Continuing our First World War commemoration theme, our roundtable discussion from July with historians and Cambridge Authors Jack S. Levy, William Mulligan, Thomas Otte, and John C. G. Röhl, explored the reasons behind the outbreak of war.
Craig Gibson author of Behind The Front (2014) shed light on his research process in July, revealing an unexpected breakthrough, that led to his discovery of what it may really have been like for those caught in war.
Ioannis Ziogas, author of Ovid and Hesiod (2013), compared Vergil’s story of Dido to the Austrian singer Conchita Wurst‘s winning performance at the Eurovision Song Contest in a nuanced reading of classical myth and gender metamorphoses.
Showing that readers couldn’t get enough of Hegel back in March, this second article by Ludwig Siep explains why he studies and loves Georg Wilhelm Friedrich Hegel‘s classic philosophical work, The Phenomenology of Spirit.
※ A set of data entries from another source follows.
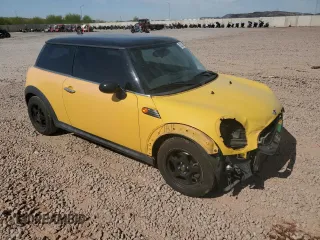 2009 MINI Hardtop with VIN WMWMF33579TW76737, listed as a Copart auction lot 55224655 with 116,106 mi miles and Salvage Title. Bid and sale history available at DreamBid. Image 4.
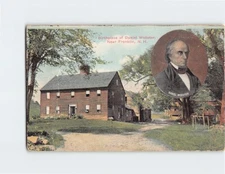 Postcard Birthplace of Daniel Webster NH USA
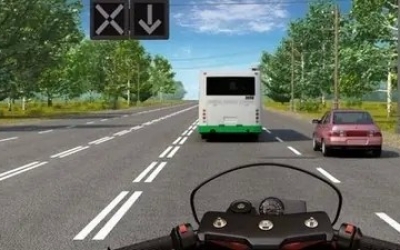 Проверка знаний ПДД: три вопроса о разметке и реверсивном движении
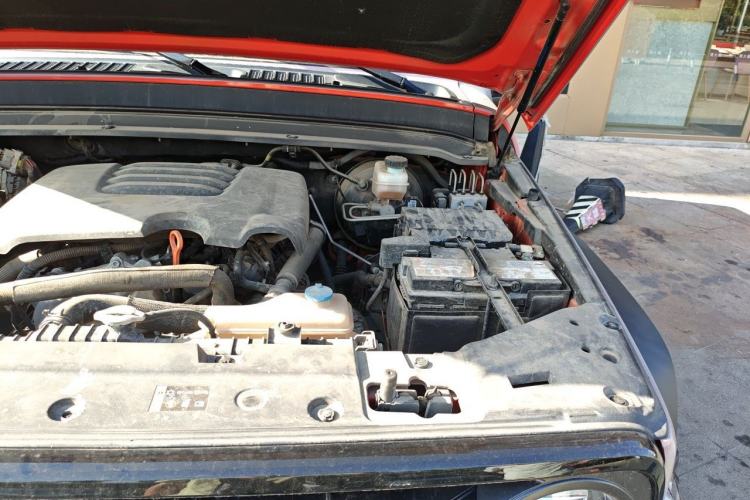 Used Tank 300 2021 Off-Road Edition 2.0T Conqueror Engine Bay Left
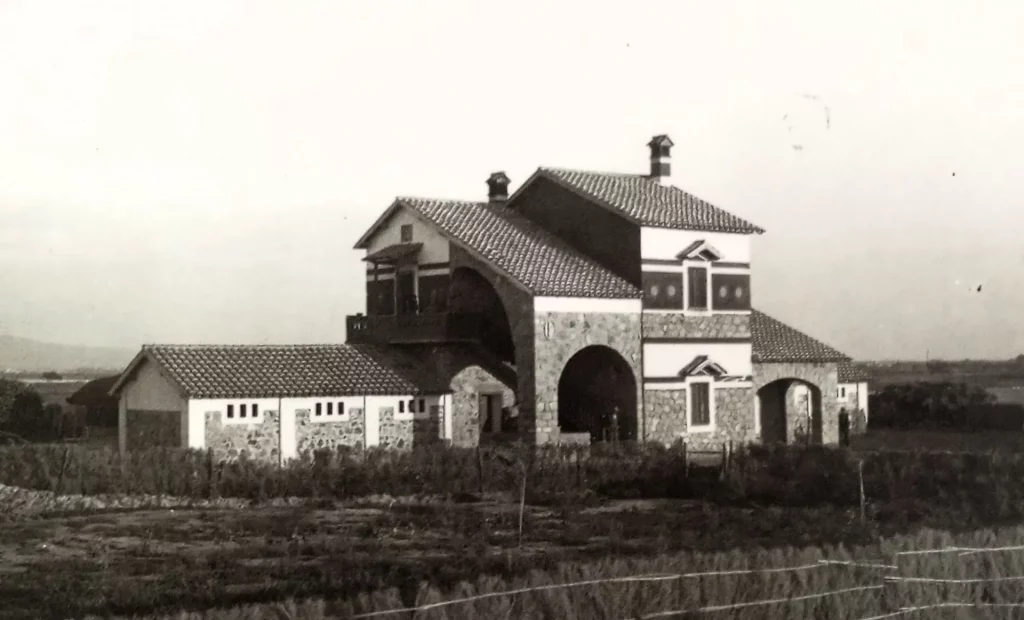 immagine per 13. Arborea casa colonica foto Museo Bonifica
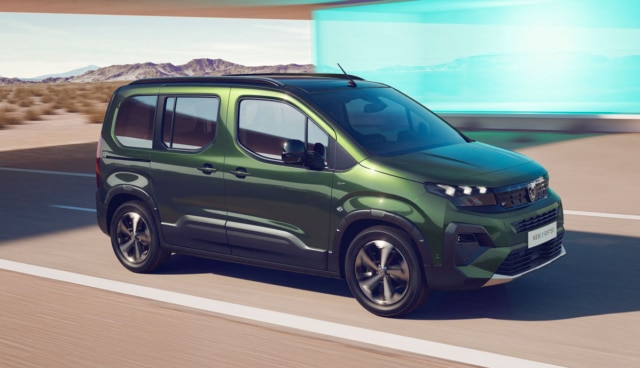 Peugeot-e-Rifter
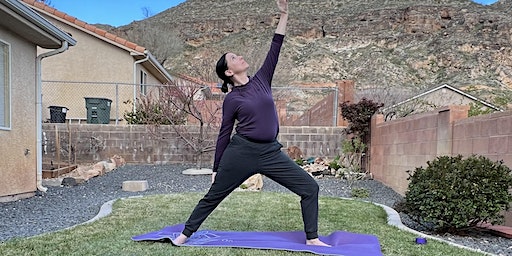 Saturday Morning Yoga Flow at Witchy Yoga Girl | Witchy Yoga Girl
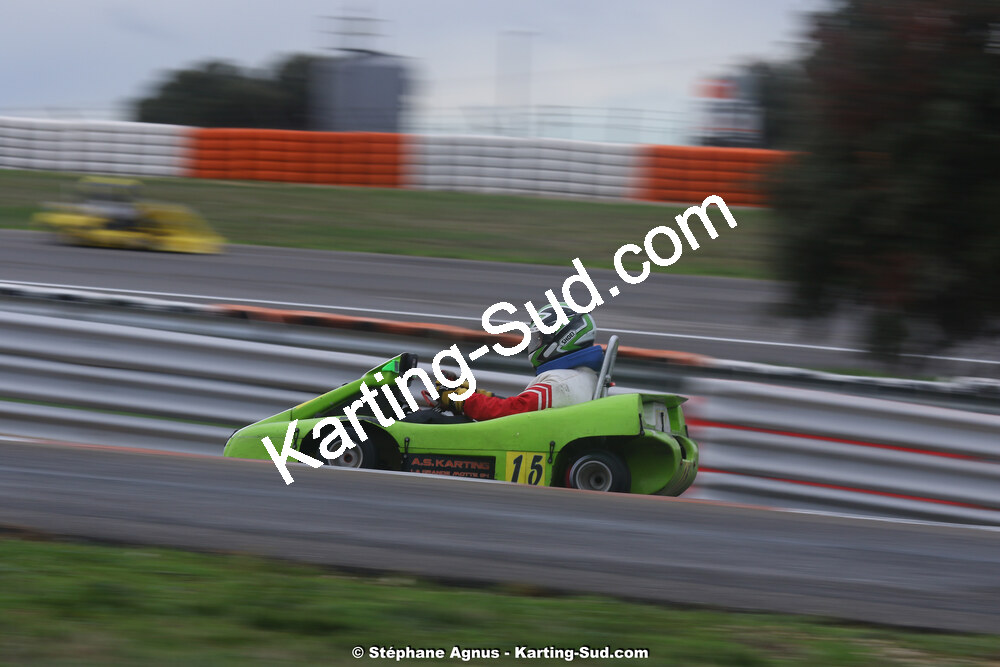 02 & 03/11/2019 : 3ème manche du Championnat de France KZ Long Circuit et Trophée TTI Carbone à Lédenon (Photos Stéphane Agnus) 2019 — karting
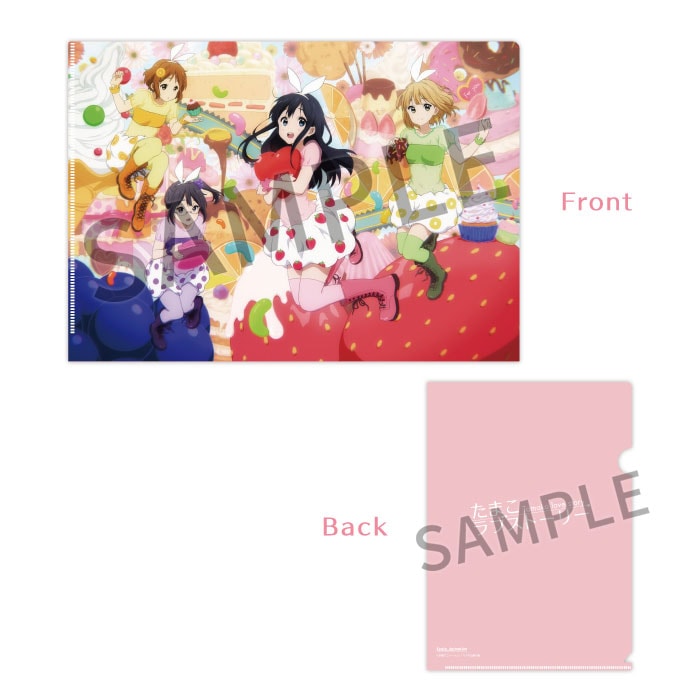 たまこまーけっと たまこラブストーリー クリアファイル たまこラブストーリー クリアファイル2【在庫品】 | 作品一覧,たまこま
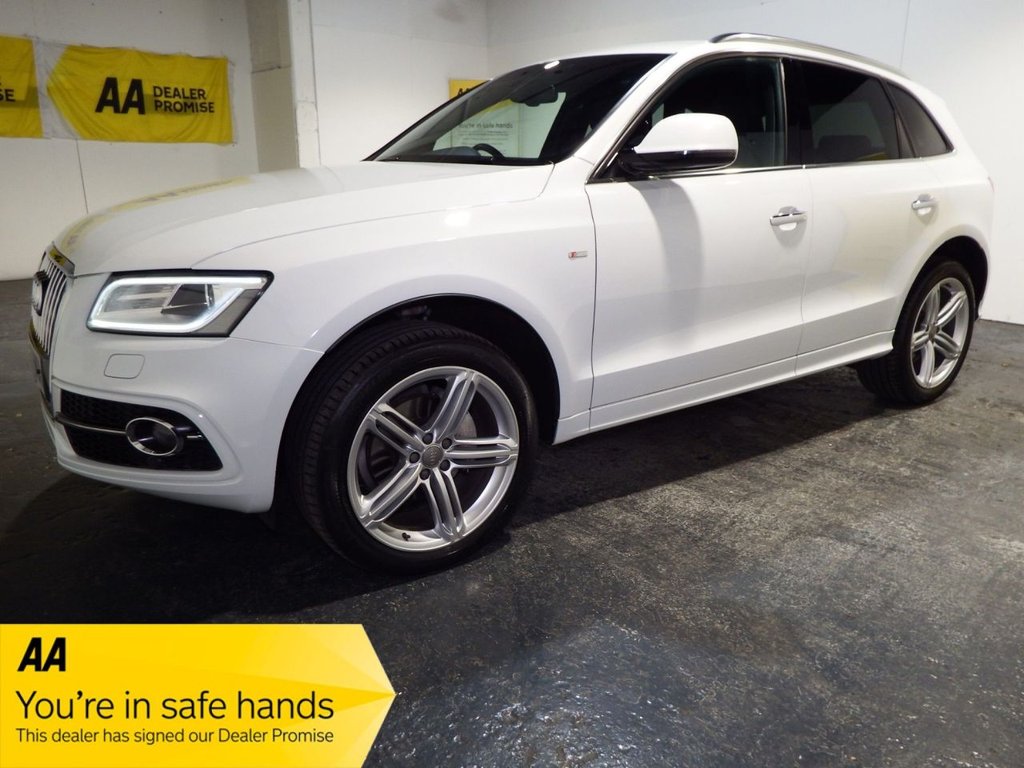 Used Audi Q5 2015 for sale - 77056315: Photo 2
Posted back in January, this article by author Therese Scarpelli Cory explores the work of Thomas Aquinas in Human Self-Knowledge and asks that old question of ‘Who am I?’.
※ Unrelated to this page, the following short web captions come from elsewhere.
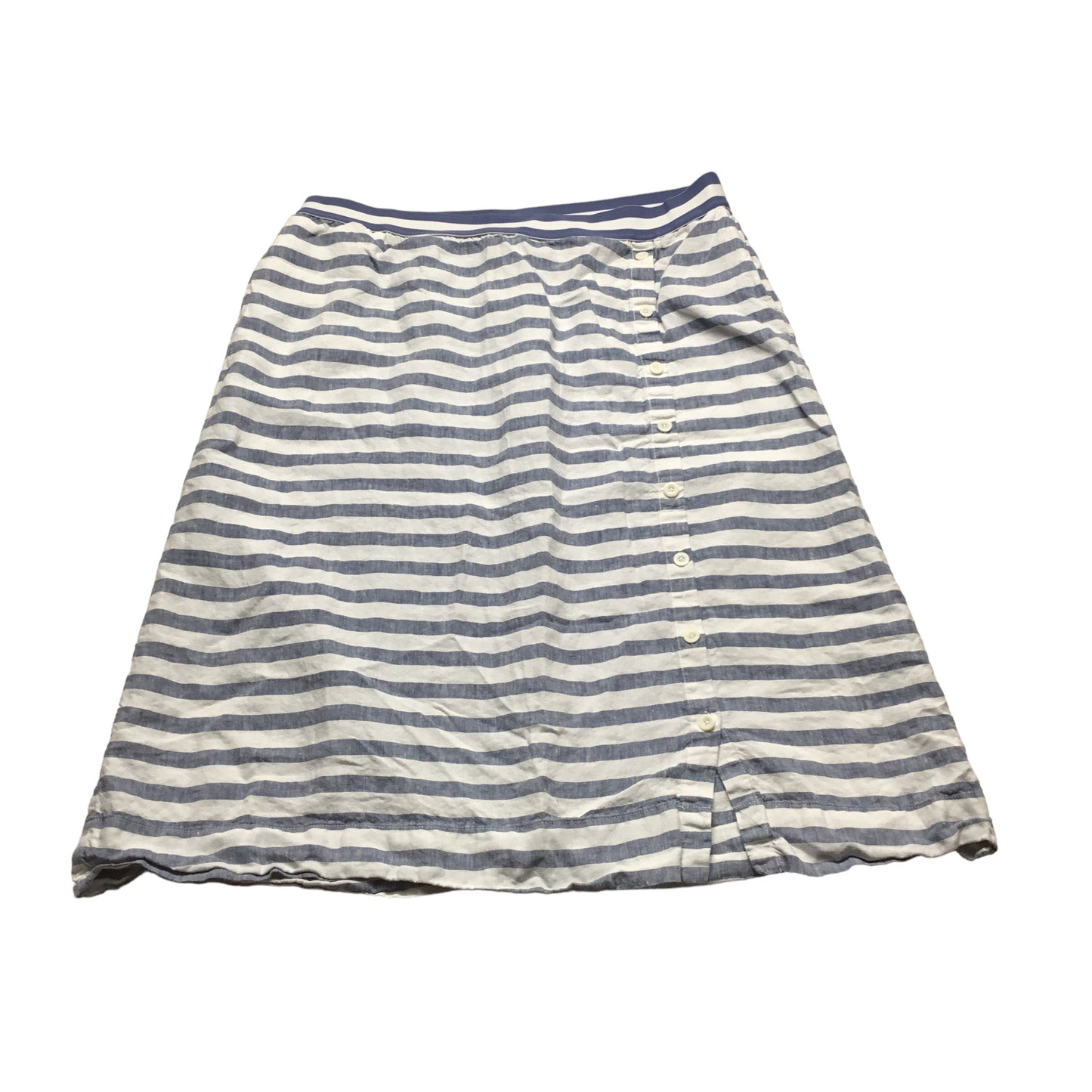 Striped Pattern Skirt Midi J. Jill, Size 2x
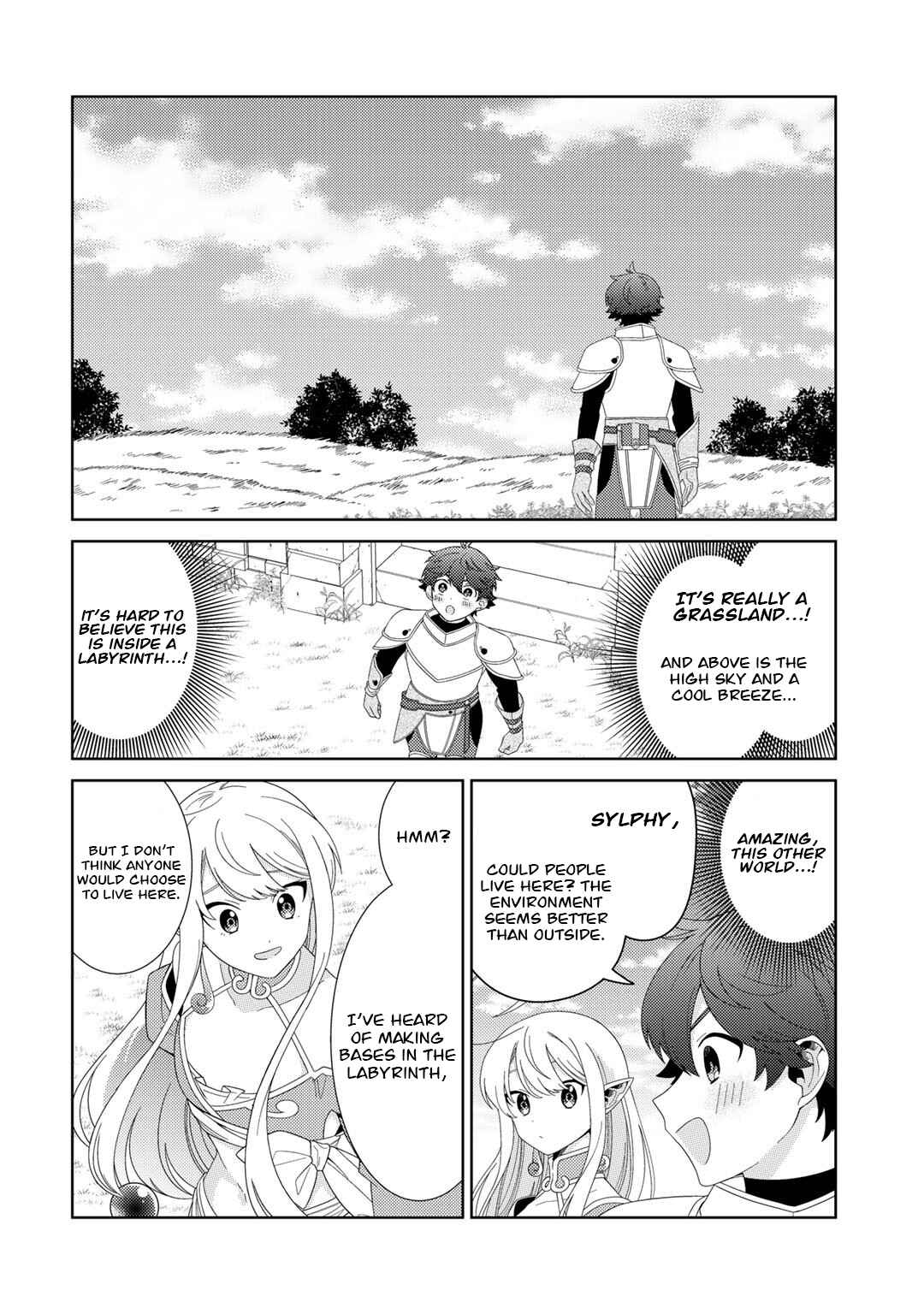 Seirei-tachi no Rakuen to Risou no Isekai Seikatsu Chapter 48 page 13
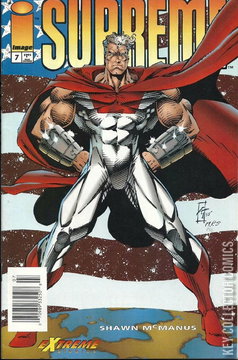 Variant Cover for Supreme #7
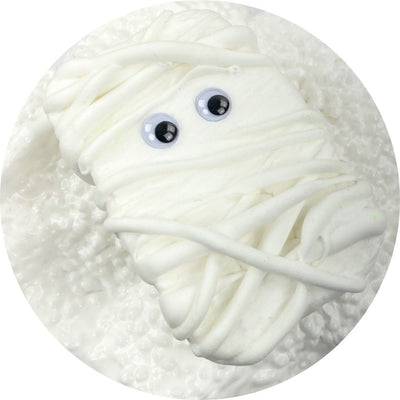 Mummy Krispies DIY - Shop Slime - Dope Slimes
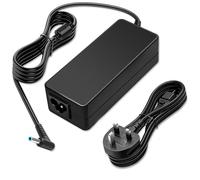 45W HP Laptop Charger Compatible with HP 14 14s 15 15s 17, Stream 11 13 14 | 19.5V Blue Tip Charger for HP Pavilion 11 13 14 15 17, Spectre X360, Chromebook 11 14, Elitebook,740015-003 741727-001 Laptop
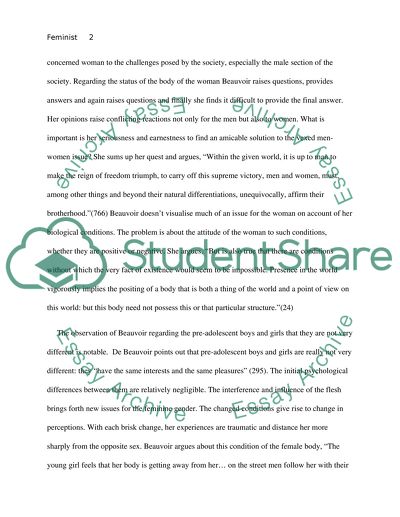 Feminist Political Thought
The first of three posts by editor Steven Luper, starting in February, is our third most viewed article of 2014. Steven tackles the philosophical questions of ‘What is life?’ and ‘What is death?’
In April we re-imagined the love between the most famous teenagers – Romeo and Juliet, and wondered what it would be like if they’d had access to cell phones and Twitter. If only Juliet got signal in the Capulet crypt, and Romeo had thought to check his phone.
Out, by an almost 6,000 views lead, is this post from February about how Disney’s Frozen movie harkens back to Wagner’s great operas, by editor Nicholas Vazsonyi. If you’ve somehow not seen Frozen yet, then beware of the spoilers!
The majority of our blog readers are based in North America (in particular New York, California, and Texas – hello!), but 2014 saw us welcoming a steady flow of visitors from other countries during 2014 – with readers in Samoa and Vanuatu amongst those joining us for the first time.
We’re thrilled to see that traffic to the blog is up 72% against 2013, and that is partly due to the expertise and enthusiasm of our editors and authors, and the curiosity and time taken by our loyal readers.
Thank you very much for reading fifteeneightyfour in 2014.
We hope you’ll enjoy what we have lined up in 2015.